Think of it like resolution: 384 dimensions is like 1080p video. You could go higher (4K = 1536 dimensions), but for many use cases, 1080p is perfectly good and much faster to process.

Why do we need so many dimensions at all?

Imagine describing the sentence "The legal drinking age in Uganda is 18 years old" with just 3 numbers. You'd lose almost everything about its meaning.

With 384 numbers, the model can encode:

It's about legal regulations
It's about age restrictions
It's about Uganda specifically
It's formal/official language
It's a statement of fact, not opinion
The specific domain (alcohol/drinking)

All of this (and more) is captured in the interplay of those 384 dimensions. That's why semantically similar texts end up pointing in similar directions—they share many of these encoded features.

Tying It Back to Our Code

Let's connect this to what we actually built:

// Generate embeddings
const queryEmbedding = await generateEmbedding(question);
// "What is the legal drinking age in Uganda?"
// → [0.023, -0.145, 0.089, ..., 0.234] (384 numbers)

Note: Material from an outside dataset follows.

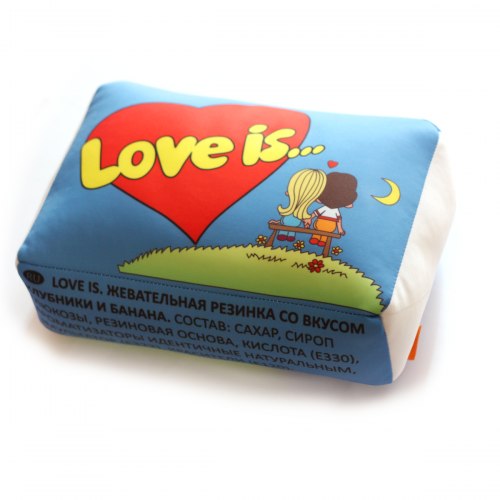 Love is... подушка 30х20х15 синяя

const lawEmbedding = await generateEmbedding(law.content);
// "The legal drinking age in Uganda is 18 years old..."
// → [0.019, -0.142, 0.091, ..., 0.229] (384 numbers)

// Compare them
const similarity = calculateCosineSimilarity(queryEmbedding, lawEmbedding);
// → 0.837 (very similar!)

What just happened?

Both texts got converted into 384-dimensional vectors
Each vector is a direction in semantic space
Cosine similarity measured the angle between those directions
Small angle (0.837 similarity) = semantically similar

Why is this better than keyword matching?

With keyword matching, I'd look for exact word overlaps:

Query: "drinking age"
Law: "alcoholic beverages"
Match? Nope. No shared words.

But in embedding space:

"drinking age" → [0.12, -0.45, 0.78, ...]
"alcoholic beverages" → [0.11, -0.43, 0.76, ...]
These vectors point in nearly the same direction!

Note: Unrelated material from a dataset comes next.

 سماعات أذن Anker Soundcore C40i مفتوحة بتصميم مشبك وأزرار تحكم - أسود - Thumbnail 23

The model learned that "drinking" and "alcoholic beverages" are semantically related, even though they share no words. That relationship is encoded across those 384 dimensions.

Another example from my results:

My query: "What is the legal drinking age in Uganda?"

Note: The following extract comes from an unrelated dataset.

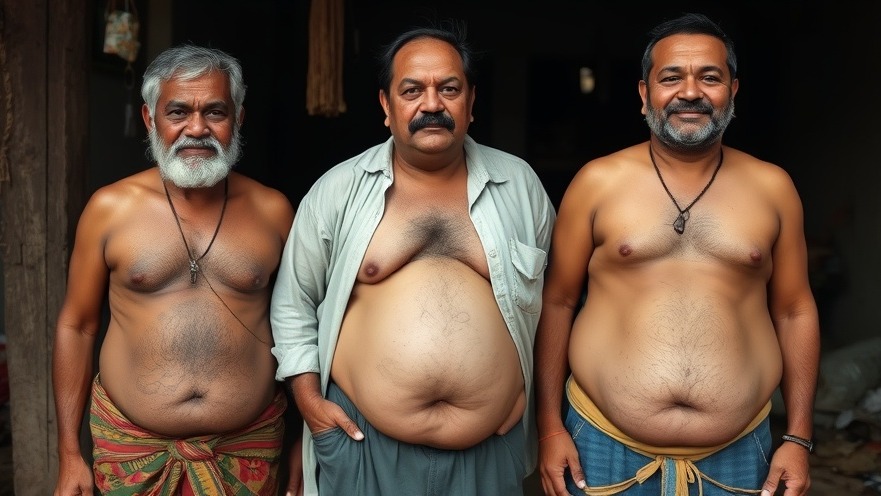 Eastern Indian men with protruding bellies, highlighting gut health and mindful eating tips.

Drinking Age Law: similarity 0.837 ✓
Driving Age Law: similarity 0.594
Voting Age Law: similarity 0.526

All three laws mention "age" and "Uganda." Keyword matching would struggle to rank them. But embeddings captured that "drinking" is much more related to "alcoholic beverages" than to "driving license" or "voter registration."

The 384 dimensions encoded the difference - not through explicit rules, but through learned patterns from millions of examples of how language is used.

When Reality Hits

5 laws? Takes milliseconds. Perfect.
100 laws? Still pretty fast.
10,000 laws? Starting to slow down...
1 million laws? Your browser freezes.
100 million laws? Forget about it.

Suddenly, I understood why vector databases exist.

The Trade-off I Discovered

Linear scan gives you EXACT results. You check every single vector, so you never miss the best match.

But do you always need exact results?

If the top result has similarity 0.837 and there's another at 0.836, does it matter which one you get? Probably not.

Vector databases use algorithms that trade a tiny bit of accuracy for massive speed gains:

HNSW (Hierarchical Navigable Small World)

Builds a graph of similar vectors
Instead of checking all vectors, you "hop" through the graph
Finds approximate nearest neighbors in O(log n) time

IVF (Inverted File Index)

Clusters similar vectors together
Only searches within relevant clusters
Skips entire regions of irrelevant data

These aren't "better" than linear scan - they're optimizations for scale.

When to Use What

This is what I learned through experimentation:

< 10,000 items?

Linear scan works fine
In-memory arrays are perfect
No need for complex infrastructure

10,000 - 100,000 items?

Linear scan gets slow
Consider simple optimizations (caching, pre-filtering)
Maybe a lightweight vector DB

100,000+ items?

You need proper indexing
ChromaDB, Pinecone, Weaviate become essential
The complexity is now worth it

Most tutorials skip straight to "use a vector database." But now I understood WHY. Not because it's required, but because linear scan doesn't scale.